COLLECTED DATA:
========
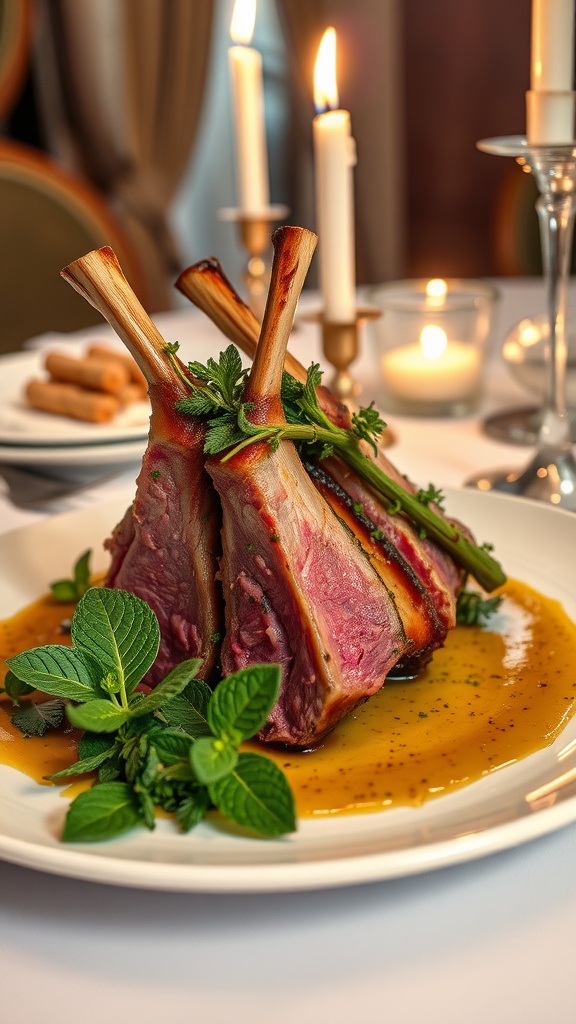 A beautifully presented herb-crusted rack of lamb garnished with herbs, served on a plate with sauce.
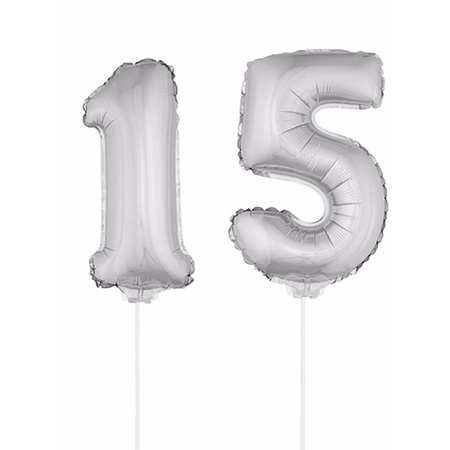 Folie ballonnen cijfer 15 zilver 41 cm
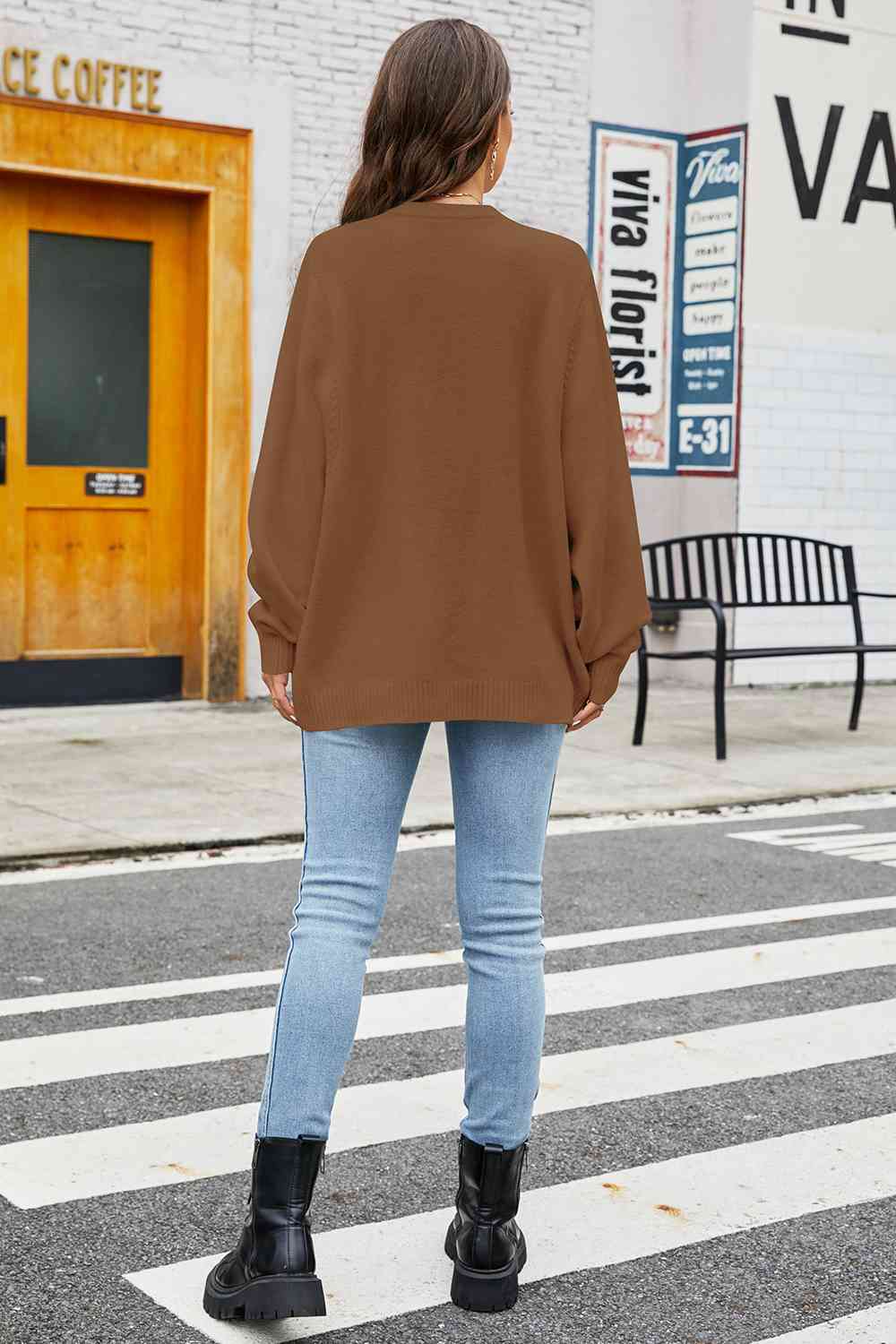 Round Neck  Long Sleeve Sweater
========
EXERCISE: Return the full listing above verbatim, please, but without its images.

ANSWER FOR THE TASK:
 A beautifully presented herb-crusted rack of lamb garnished with herbs, served on a plate with sauce.
 Folie ballonnen cijfer 15 zilver 41 cm
 Round Neck  Long Sleeve Sweater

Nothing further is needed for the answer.